Bei der Ausstellung „Die gute Form“ im Siegburger Stadtmuseum werden filigrane Möbelstücke von Gesellinnen und Gesellen gezeigt.
„Die gute Form“Ausstellung im Siegburger Stadtmuseum zeigt besondere Möbelstücke

Ausgestellt werden 36 Gesellenstücke, die nach Formgebung und Gestaltungsidee bewertet wurden.
Copyright: Ralf Rohrmoser-von Glasow
Immer noch ist das Tischlerhandwerk eine Männerdomäne. Nur etwa zehn Prozent der Auszubildenden, die den Abschluss in diesem Beruf schaffen, sind Gesellinnen.
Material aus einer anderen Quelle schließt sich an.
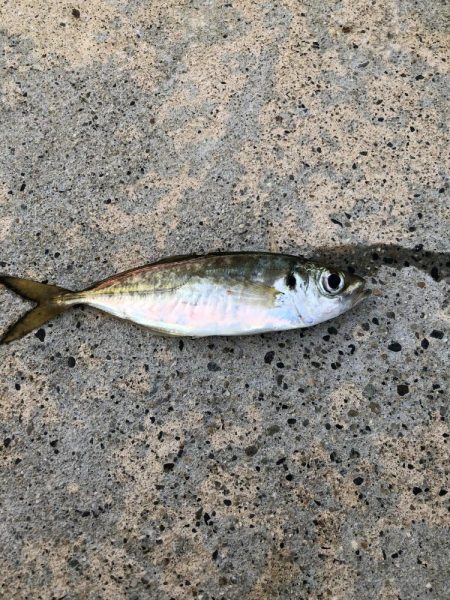 新規ポイント アジング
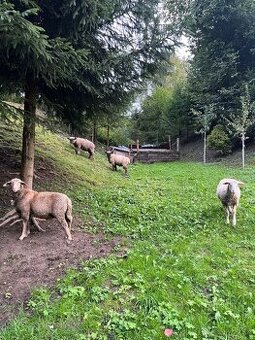 Predám barany – Oxford Down a Lacaune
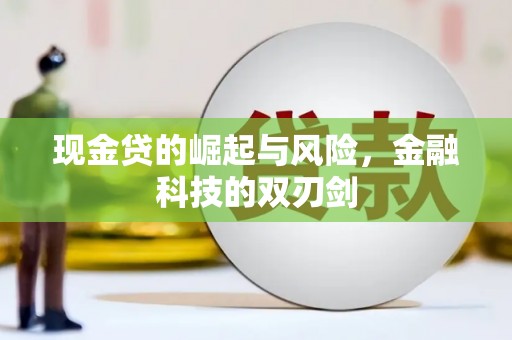 沙坡头现金贷的崛起与风险，金融科技的双刃剑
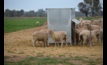  New CSU research has highlighted important details when confinement feeding pregnant ewes. Photo Mark Saunders.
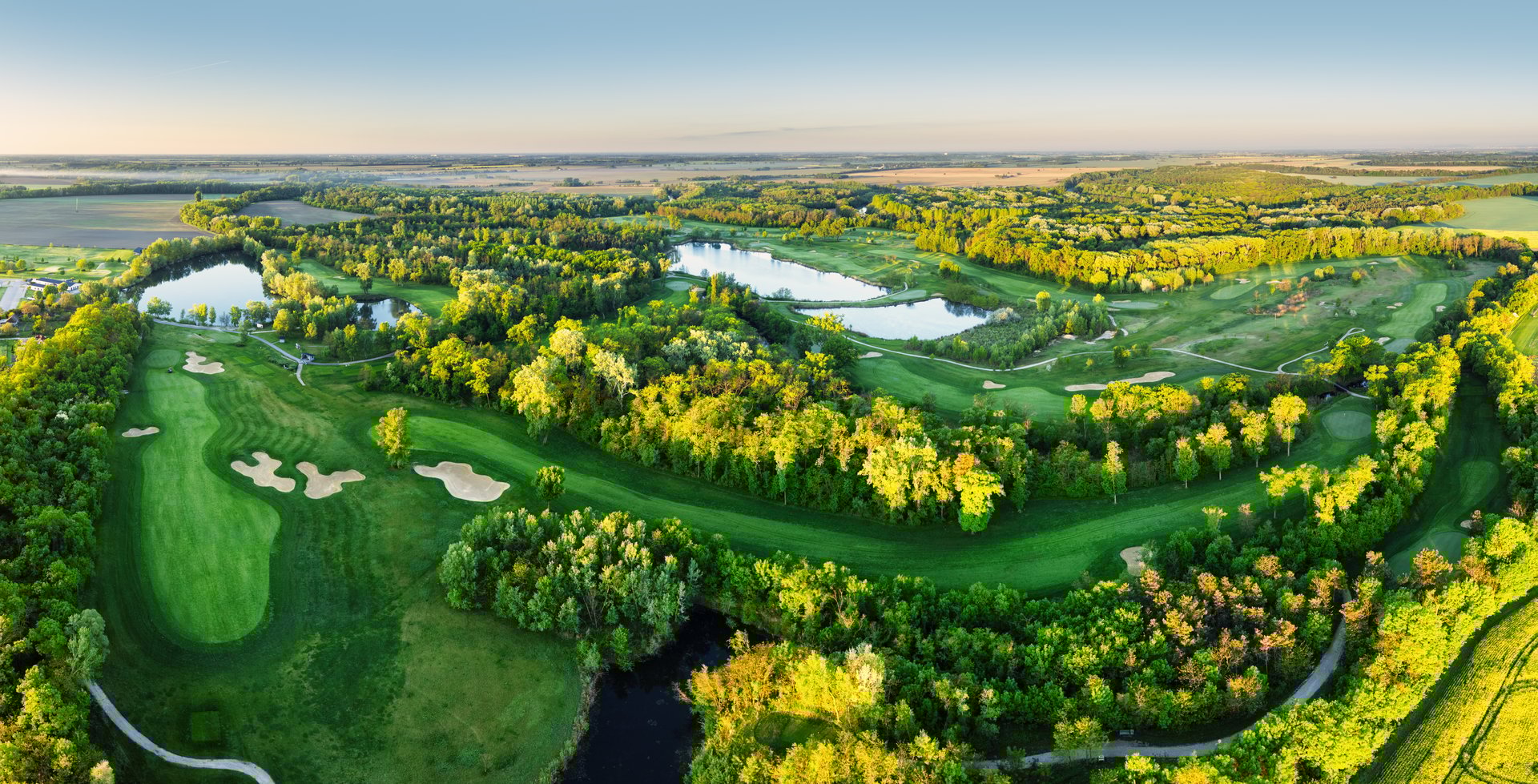 Aerial view of green grass and trees on a golf field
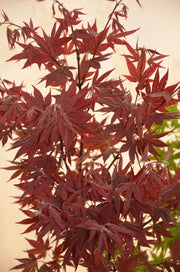 - Acer palmatum 'Yezo nishiki’ Japanese Maple - Mr Maple │ Buy Japanese Maple Trees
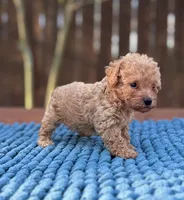 Louie, a male Poodle - Toy  for sale in Kentwood, LA – 3 of 3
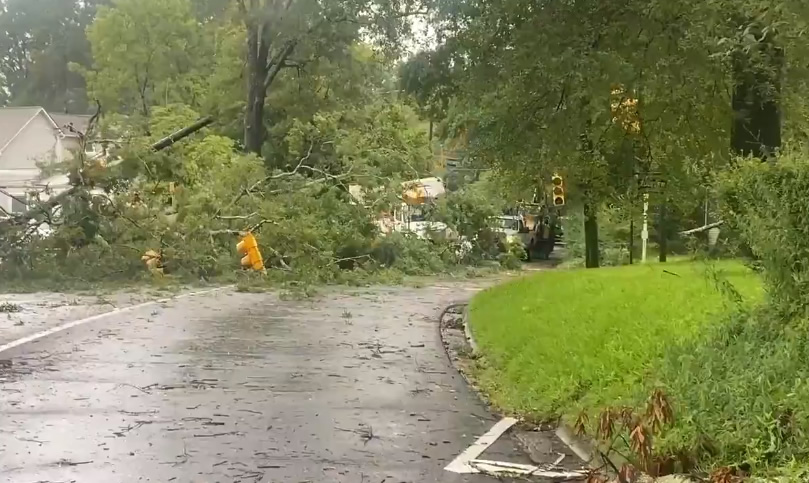 Casas y árboles dañados por la tormenta en el centro de Alabama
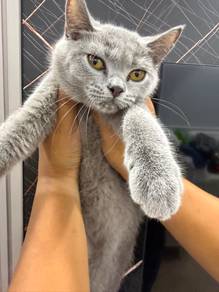 BSH female to let go murah saja😊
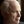 John McCain News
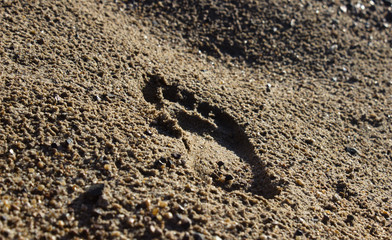 Footprint from a human foot in the wet sand.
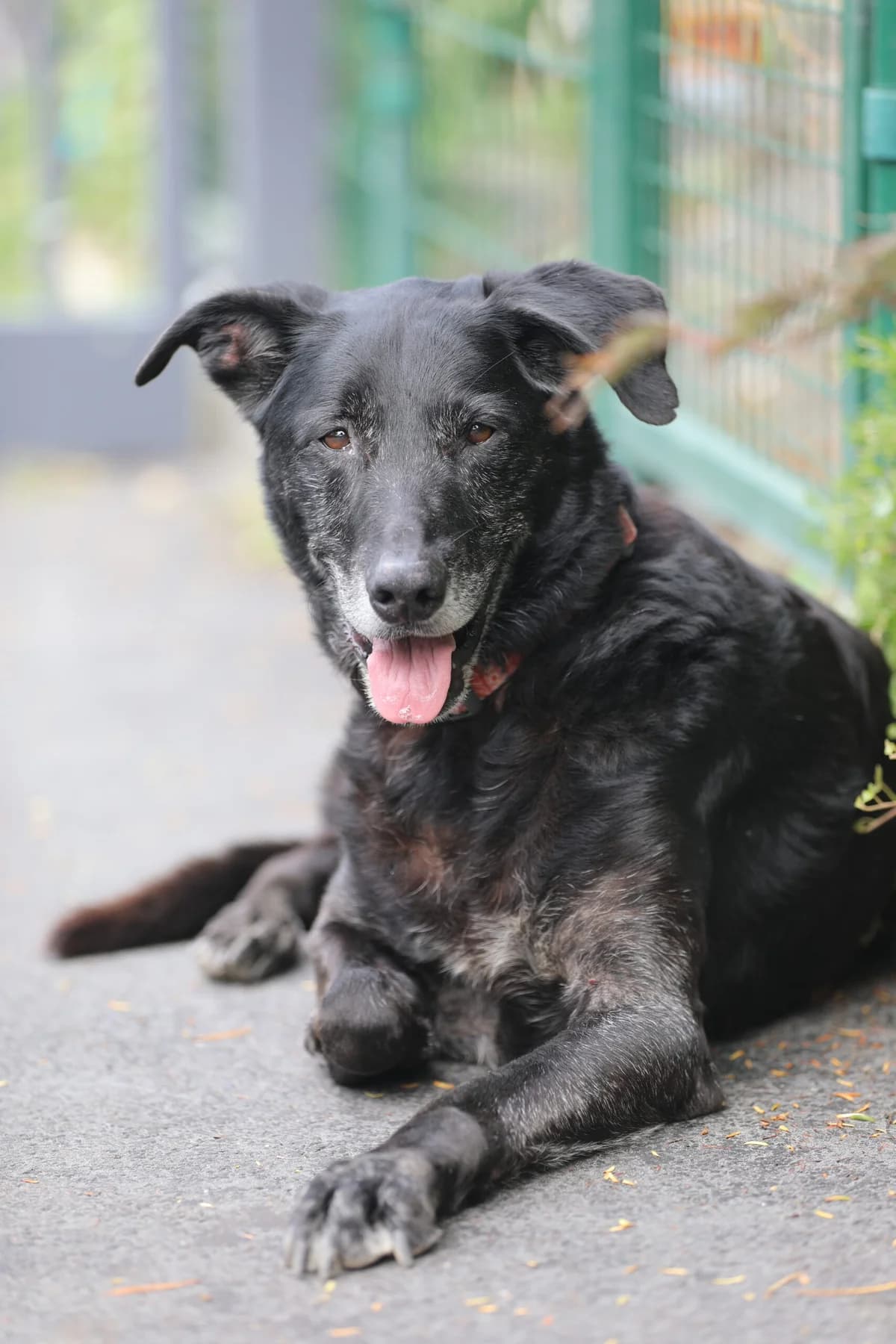 Jack, Mixed Breed (La Feuille de l)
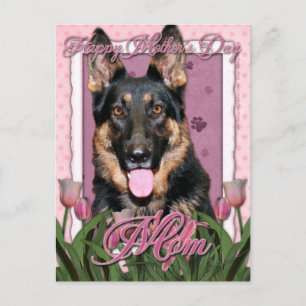 Carte Postale Fête des mères - Tulipes roses - Berger allemand -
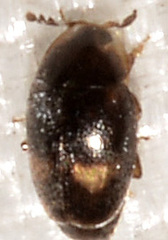 Corylophidae
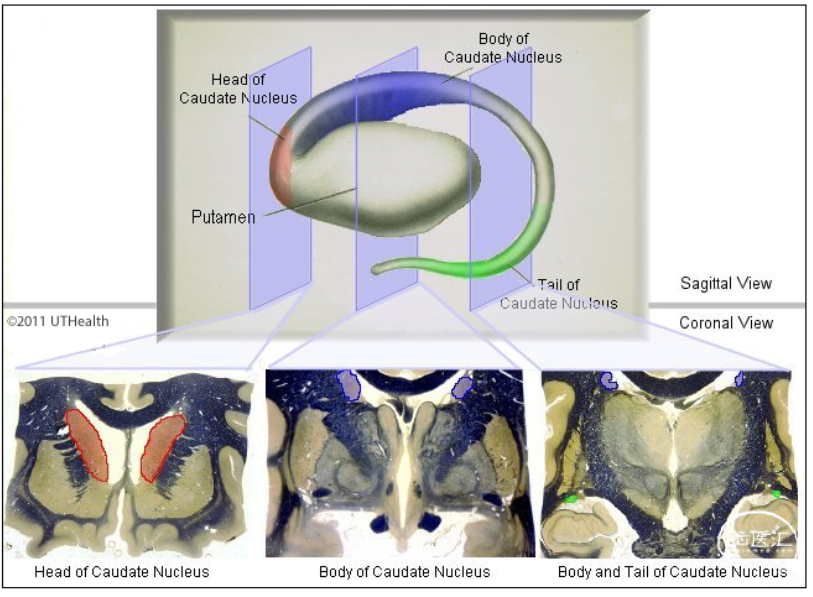 神外解剖學基底核詳解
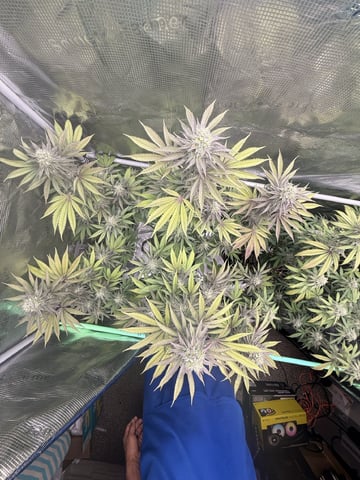 Oreo_BMG#2 — flower, day 9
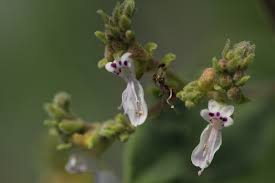 Image result for Aeollanthus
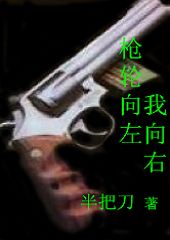 枪轮向左,我向右TXT全集封面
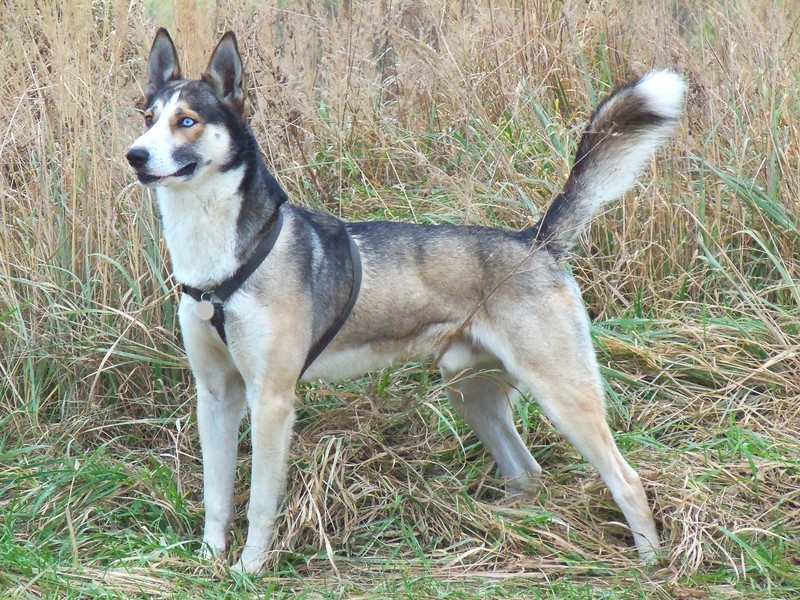 Alaskan Husky Breed Temperament Lifespan Shedding Puppy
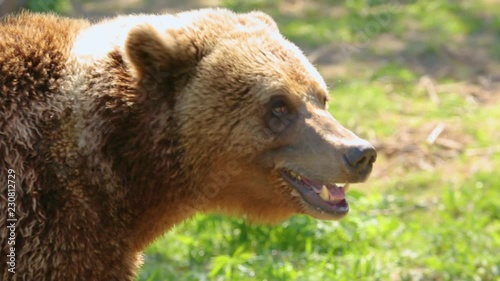 Brown Bear In Zoo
Bei der diesjährigen Ausgabe des Wettbewerbs „Die gute Form 2023“ fanden sich immerhin zwei Frauen unter den Preisträgern: Annika Schmitt machte nicht nur den ersten Platz, sie war auch Prüfungsbeste und präsentierte einen Nähtisch. Juliane Hoenisch überzeugte mit einer filigranen Sitzbank, das brachte ihr den dritten Preis.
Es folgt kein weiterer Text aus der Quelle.